「テクノロジーが生み出す未来社会」をテーマにしたオンラインマガジン「TELESCOPE Magazine」で特集「ヒューマンインターフェース」が公開されている。この特集では「ヒューマンインターフェース」の役割を、人とコンピュータとをつなぎ、優れた技術を誰もが自由に使えるようにするものと考え、その進化は3つの欲求に基づいているとしている。

1.直感的に分かるように操作したい。

2.いつでもどこでも使えるようにしたい。

3.五感を使った感覚的な臨場感を体感したい。

以上の欲求のもとで、コンピュータのインターフェースはパンチカードによる入力から、文字によるコマンドライン、アイコンとマウスを中心にしたGUI(グラフィカル・ユーザ・インターフェース)、そしてスマートフォンやタブレットというモバイル端末で採用されているタッチ操作へと進化を遂げてきた。イントロダクションにある「テーマグラフ」はこの進化の流れに登場する人、アイデア、プロダクトの関係性が簡潔にまとめられており、理解を助けてくれる。

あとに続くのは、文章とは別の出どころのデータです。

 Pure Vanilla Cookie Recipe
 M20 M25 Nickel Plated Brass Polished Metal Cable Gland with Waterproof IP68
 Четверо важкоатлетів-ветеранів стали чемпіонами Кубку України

この特集はヒューマンインターフェースの過去の歴史だけなく、現在とこれからの展望についても多角的に学べようになっている。既に、メディア芸術祭での受賞経験があるメディアアーティストの真鍋大度氏とオーグメント・ヒューマン(ヒトの拡張)を研究テーマに掲げる暦本純一氏(東京大学教授)によるインターフェースにおける身体をめぐる対談や、ヒューマンインターフェースを「自己帰属感」という概念で捉え「新しい身体性の獲得」を目指す渡邉恵太氏(JST ERATO 五十嵐デザインインタフェースプロジェクト研究員)による論考などが公開されている。さらに、人工知能から人間とコンピュータの相互関係へと研究領域を移したテリー・ウィノグラード氏(スタンフォード大学教授)のインタビューなども準備されている。

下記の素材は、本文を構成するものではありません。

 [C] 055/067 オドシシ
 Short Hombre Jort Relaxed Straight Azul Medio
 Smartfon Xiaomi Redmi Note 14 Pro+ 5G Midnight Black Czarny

眞鍋氏の登場からもうかがえるように、ヒューマンインターフェースとメディアアートとの結びつきは深い。自転車という日常的な乗り物で仮想世界を探索するジェフリー・ショー氏の《レジブルシティ》(1989年)は、メディアアートの古典であると同時に、ヒューマンインターフェースの可能性を身体的側面から押し広げた作品でもある。しかし、これらふたつの領域の影響関係はこれまでほとんど考えられてこなかったのではないか。ヒューマンインターフェースが「コンピュータの使いやすさ」ではなく「身体」を大きなテーマにしつつある今だからこそ、ヒューマンインターフェースとメディアアートとを重ね合わせた議論が求められている。